Stored data:
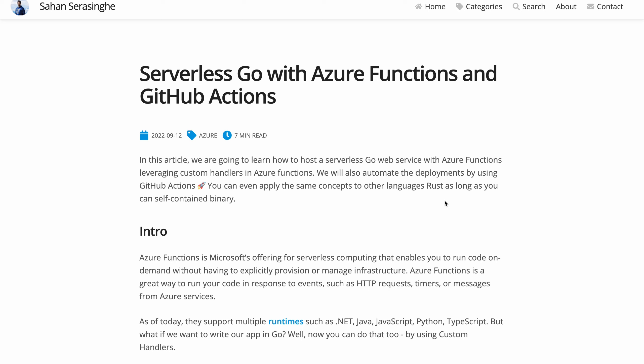Hi everyone, welcome back. So today we are going to take a look at how we can build a simple Go web service and deploy it to Azure Functions by using GitHub Actions.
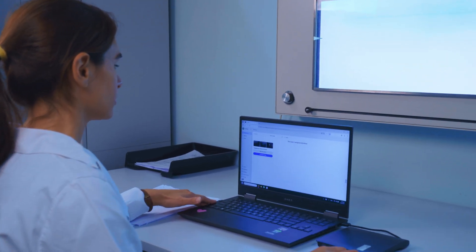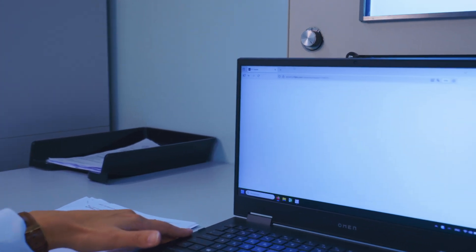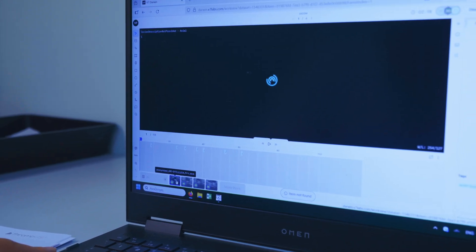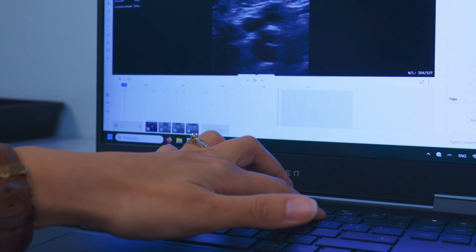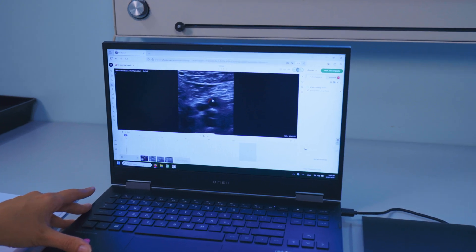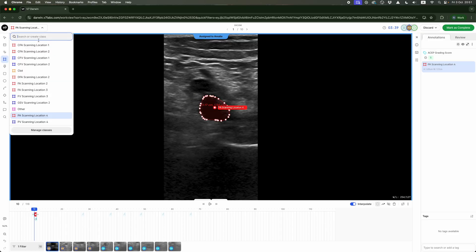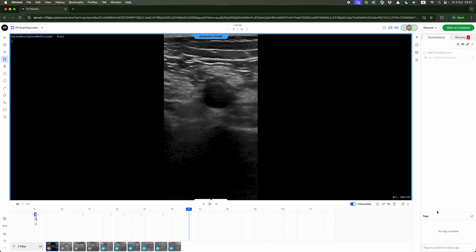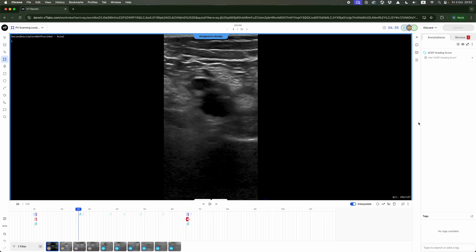The final critical step involves the data annotation platform, where the collected ultrasound images are prepared for training our artificial intelligence models. Experts meticulously label the data across four scanning levels, identifying the key anatomical structures, noting any anomalies, and grading image quality using the ASAP grading scale, to ensure consistency and comparability across all hospital datasets.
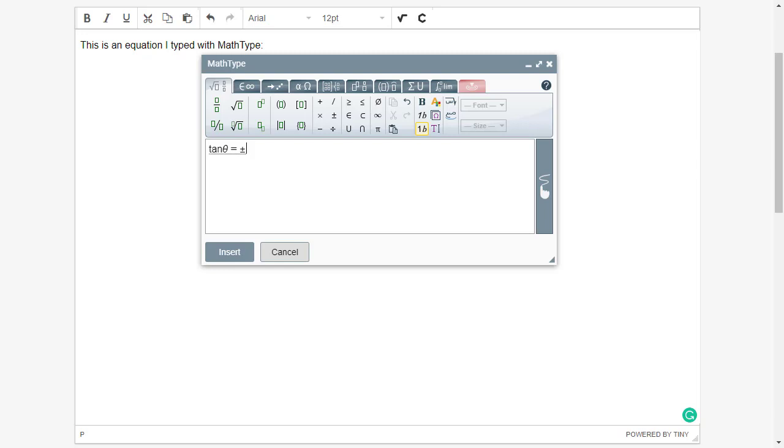As an example, for the fraction 1 half, I can type 1, followed by the slash symbol. Notice when I type the slash, you never see the slash. It's replaced with a fraction, with the 1 already in the numerator. MathType has placed the insertion point in the denominator, ready for you to type.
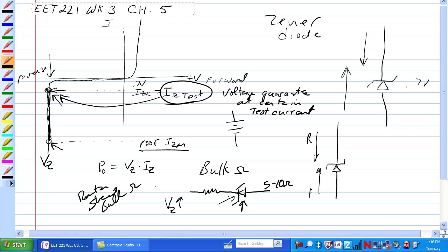You can use that for calculating how much ripple, as the current changes through a circuit, is going to be because of the bulk resistance.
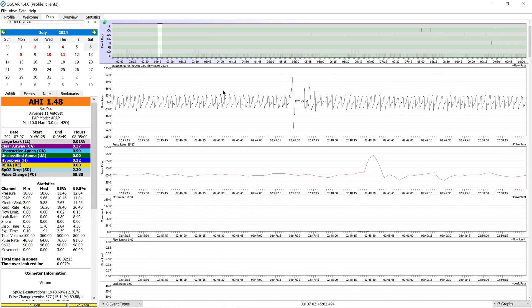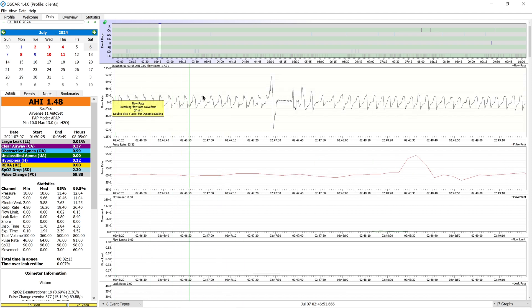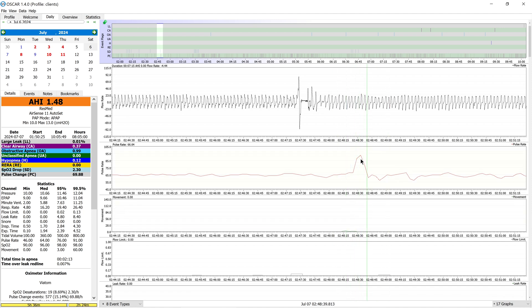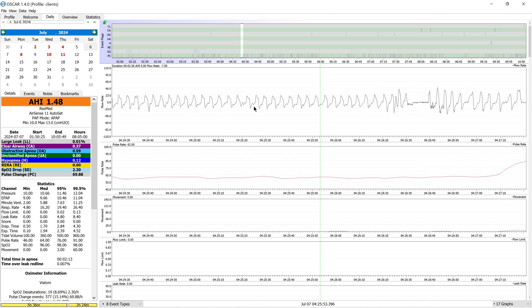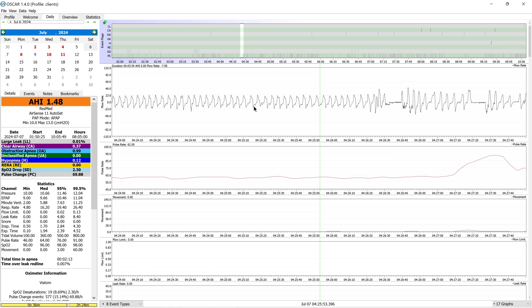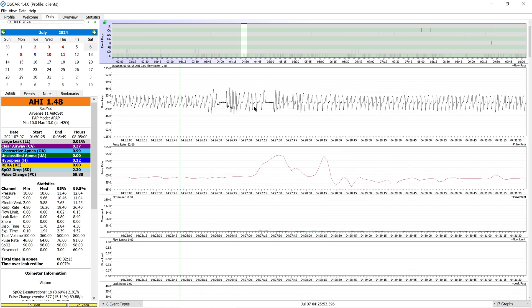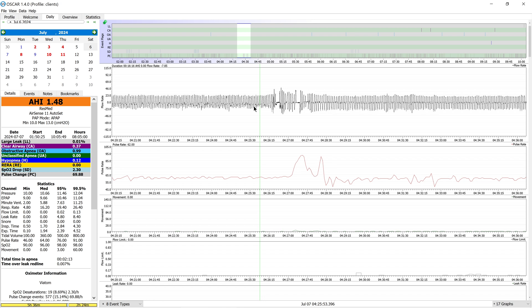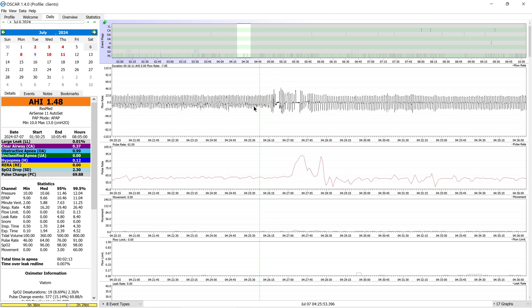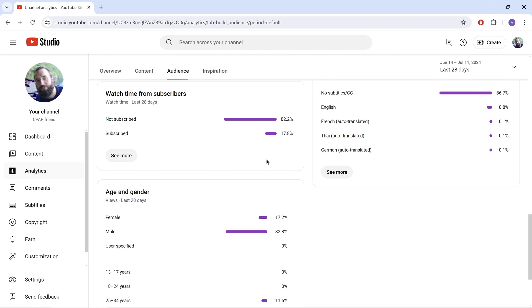Just to really drive this point home, here's a completely different night. Flow limitation, flow limitation, flow limitation — huge recovery breath, sleep-wake junk — and slightly thereafter a tiny bit of movement but a huge pulse spike up into the 90s. Here's another one: very clear preceding flow limitation slash bad breathing, tons of sleep-wake junk — you can call some of those recovery breaths — with massive pulse spikes up to the 90s once again. You can also compare the pulse and movement profile for events that are flagged versus those that are not. But do you know what's even more fascinating than pulse oximetry data?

Exercise brief:
The result should be an exact copy of only the lines above from the one that holds "The final critical" through the one that holds "You can use", both ends included, without pictures.

Solution to this problem:
The final critical step involves the data annotation platform, where the collected ultrasound images are prepared for training our artificial intelligence models. Experts meticulously label the data across four scanning levels, identifying the key anatomical structures, noting any anomalies, and grading image quality using the ASAP grading scale, to ensure consistency and comparability across all hospital datasets.
As an example, for the fraction 1 half, I can type 1, followed by the slash symbol. Notice when I type the slash, you never see the slash. It's replaced with a fraction, with the 1 already in the numerator. MathType has placed the insertion point in the denominator, ready for you to type.
You can use that for calculating how much ripple, as the current changes through a circuit, is going to be because of the bulk resistance.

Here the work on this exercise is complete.